Brief Program Summary: A healthy Indiana needs healthy communities. And it needs health
care professionals located in all areas of the state from the inner cities to the rural neighborhoods
prepared to help educate citizens about health problems and issues and to provide quality service.
Area Health Education Centers (AHECs) play an important role in providing communities with
health care professionals prepared to meet their needs. Today, 54 AHEC programs with more
than 200 centers operate in almost every state and the District of Columbia. An AHEC is a network
of regional centers that are coordinated through a central program office. Each regional center is
locally grown and is designed to assess and meet the needs of citizens in that specific region.
AHECs perform four basic functions:
• Assist in the ambulatory training of health professionals. Health professionals who train in
underserved communities are much more likely to serve those populations when their training is
• Provide continuing education, especially for providers to the underserved. Continuing
education programs improve the quality of care and enhance professional satisfaction, both of
which contribute to provider retention.
• Recruit minority students into the health professions careers. Minority health professionals
are substantially more likely to serve vulnerable populations then their majority counterparts.

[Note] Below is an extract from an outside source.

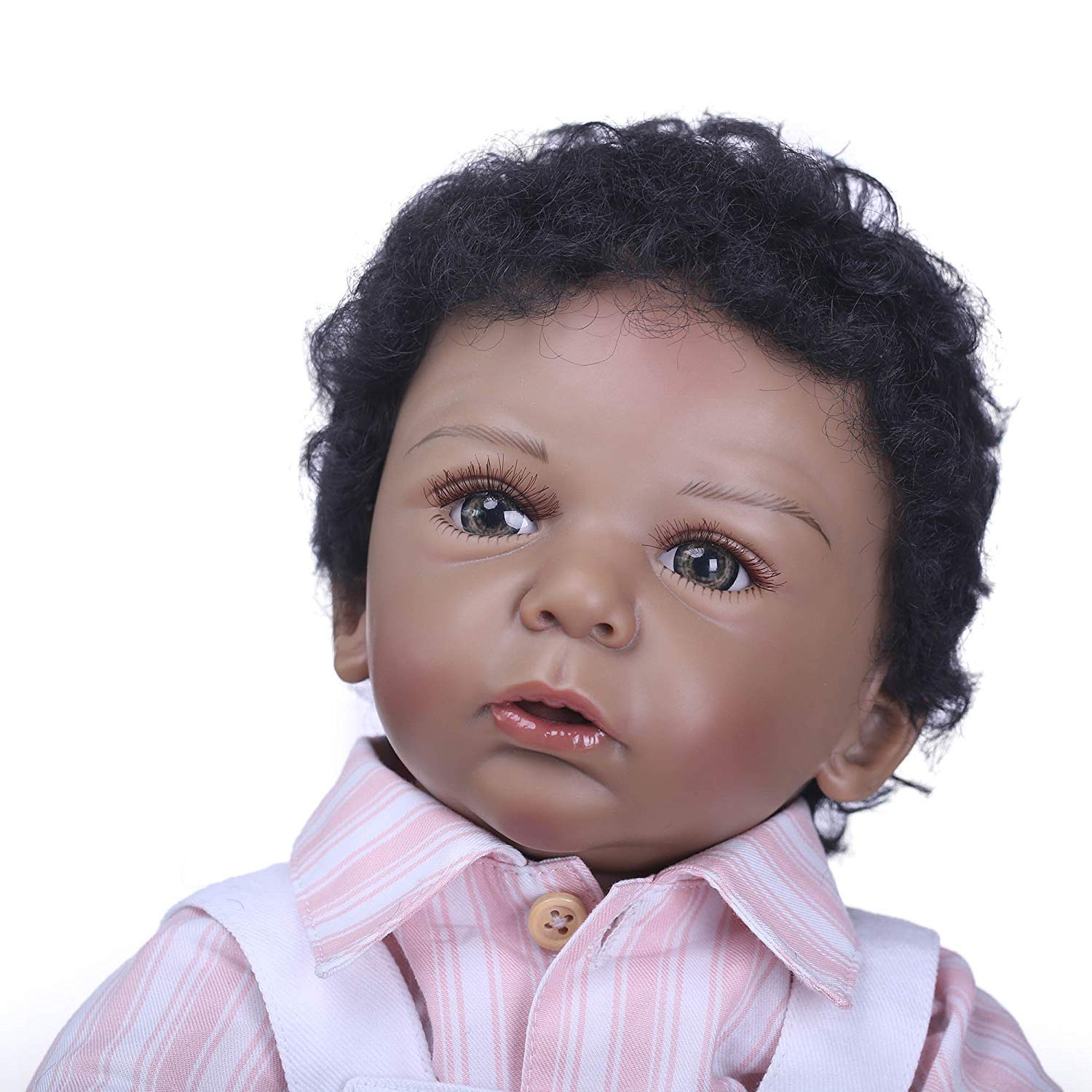 22inch55cm Baby Reborn Dolls Soft Silicone Realistic Looking Black Baby Doll Boy Toddler Real Touch Xmas Gift Bebe Dolls American Indian Style Factory Director Sales Rbb Dolls Toys Games Dolls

• Respond to emerging health issues by distributing information necessary for practitioners
and facilities to address critical health issues and threats in a timely way.
In accomplishing these goals, the AHEC can improve the quality of health care, especially primary
and preventative care.
Success Metrics: IUPUI has a robust evaluation foundation to measure the impact of of the IN-
AHEC program. For example, National Student Clearing House data is used to monitor whether
AHEC Pipeline Students have matriculated into College/University and are potentially pursing a
health profession degree. Third Year medical students completing Family Medicine rotations are
placed in rural and/or medically underserved areas to peak interest in practicing in primary care
and serving in a rural area or MUC. Additionally, every two-years, IUPUI submits a match with
the professional licensure database to see where IN-AHEC graduates are practicing and if they
are serving in one oft the program’s target areas: primary care, medically underserved
communities, and/or rural area in the state of Indiana. To date, the IN-AHEC Network has located
6,563 former AHEC students now working as licensed health professionals in Indiana. Of those,
31% are working in a health professional shortage area.